De par sa formulation négative cette attestation ne peut s'analyser de la part de l'organisme employeur qui la sollicite que comme une mesure de précaution ayant nécessairement pour fin de s'assurer de l'existence ou non d'embauches, quelle que soit leur antériorité, auprès des différentes branches de la sécurité sociale, et de pouvoir ainsi être en mesure, pour le moins de moduler, l'application des dispositions de l'article 17 de la convention.
Il convient de retenir que le libellé de ce document se rapporte à toutes les branches de la sécurité sociale et non au seul organisme sollicitant l'attestation.
Il résulte de ces considérations que la titularisation de droit doit être constatée, dès lors que la durée globale des deux contrats à durée déterminée successifs conclus avec deux organismes employeurs signataires de la convention, est, en l'espèce, supérieure à six mois.
Le jugement est confirmé sur ce point.
La titularisation du salarié, par l'effet de l'application de la convention collective, entraîne ipso facto la requalification du contrat qui devient à durée indéterminée.
La rupture de la relation de travail du fait de l'employeur doit s'analyser comme un licenciement.
Pour autant, la violation de la convention collective ne saurait valoir nullité du licenciement, aucun texte légal n'en disposant dans ce sens.
Le licenciement ne saurait davantage être déclaré illicite, aucune atteinte à un principe d'ordre public ou à une liberté fondamentale du salarié n'est à relever.
Le licenciement doit donc être déclaré sans cause réelle et sérieuse.

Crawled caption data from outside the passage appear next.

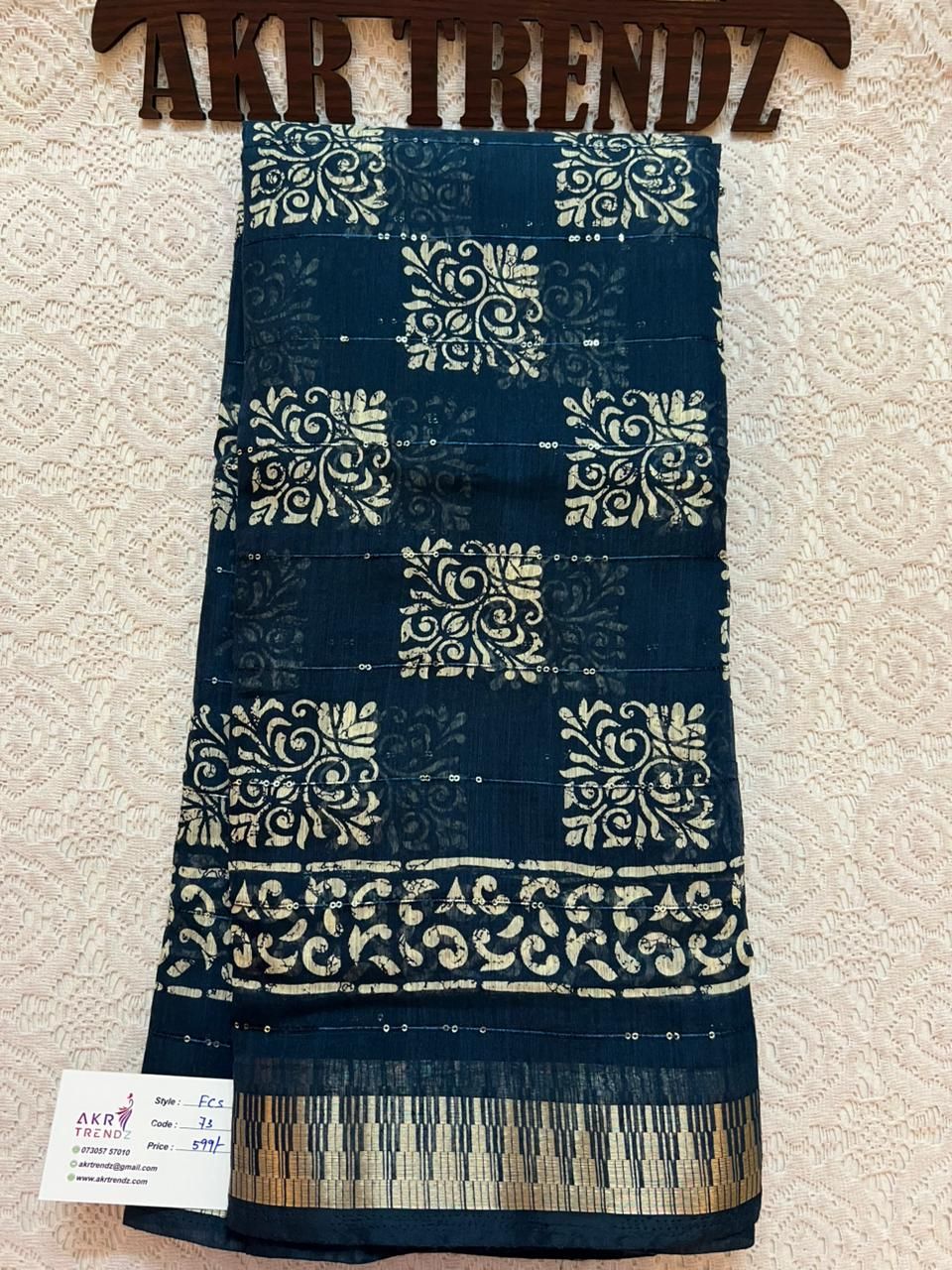 Sequence Fancy cotton sarees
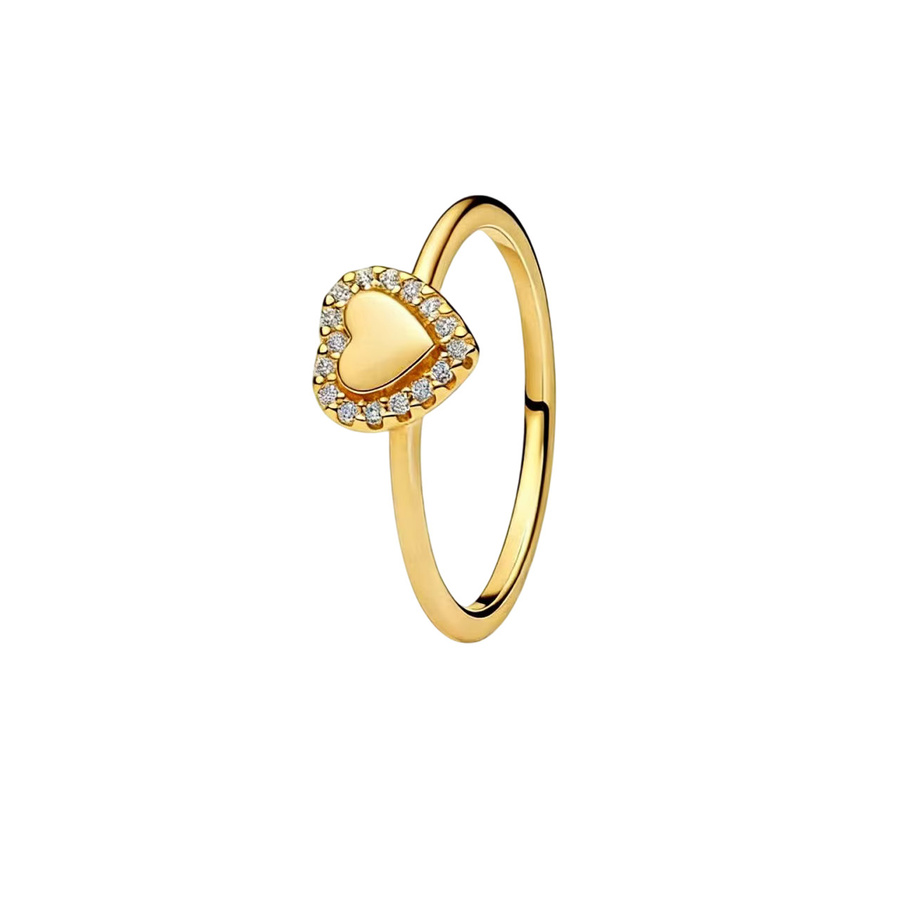 Potdemiel Ring 925 Silber, Bicolor, Zirkonia, Unisex - Bild 2
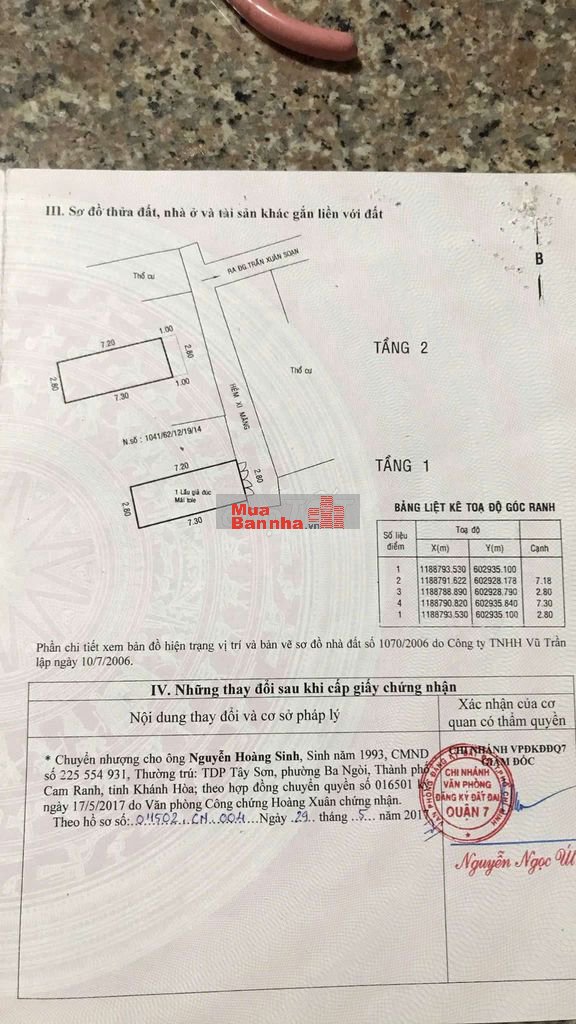 3x 7,3 nhà một trệt một lầu sổ hồng khu dân cư hiện hữu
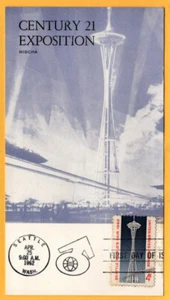 #1196 Century 21 Exposition, April 25 1962 Mischa Picture Post Card Maxicard NIM - Picture 1 of 1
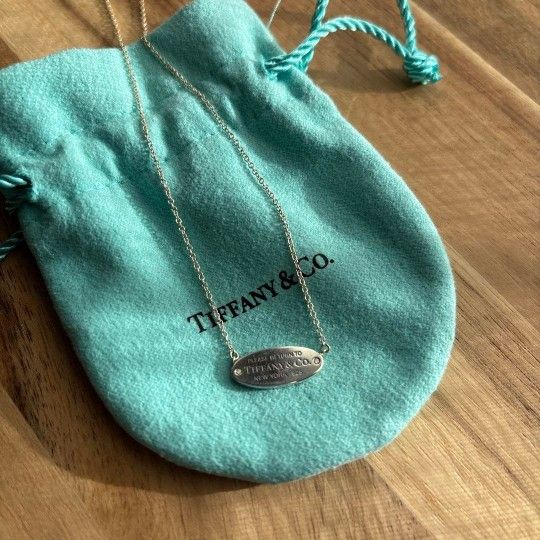 Tiffany & Co. Silver Plate Necklace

Le jugement est infirmé sur ce point. Sur l'indemnisation
La réintégration de M. Y n'est pas ordonnée et il est débouté de sa demande de régularisation de salaires postérieure au 06/12/2009, date de l'expiration du contrat à durée déterminée.
Le jugement est infirmé sur ce point.
Il est toutefois constaté que M. Y n'a nullement fait valoir de demande d'indemnisation conforme à la qualification du licenciement retenue.
Il est sursis à statuer pour inviter les parties à faire toutes observations utiles dans ce sens.
Il est aussi sursis à statuer sur les autres demandes.

PAR CES MOTIFS,
La cour statuant publiquement par arrêt contradictoire rendu en matière sociale et en dernier ressort,
Confirme le jugement quant au constat de la titularisation de M. Y Laurent Fabrice ;
Déclare le licenciement de M. Y Laurent Fabrice sans cause réelle et sérieuse et dit n'y avoir lieu d'ordonner sa réintégration au sein de la Caisse Générale de Sécurité Sociale de la RÉUNION ;
Infirme le jugement quant à la régularisation de salaires dus à M. Y Laurent Fabrice jusqu'à son prononcé, et déboute celui-ci de cette demande ;
Dit qu'il est sursis à statuer sur l'ensemble des autres demandes jusqu'à ce que les parties aient fait valoir leurs observations sur le point exposé ci-après ;
Avant dire droit
Invite les parties à faire valoir leurs observations éventuelles quant à l'indemnisation de M. Y Laurent Fabrice comme suit
- M. Y Laurent Fabrice avant le 1er février 2013, - la CGSSR avant le 1er avril 2013 ;
Ordonne le retrait du rôle de la présente affaire qui sera inscrite à nouveau à la requête de la partie la plus diligente après le 1er février au plus tôt ;
Réserve les dépens.
Le présent arrêt a été signé par Hervé ..., Président, et par Mme Martine ..., greffière à laquelle la minute de la décision a été remise par le magistrat signataire.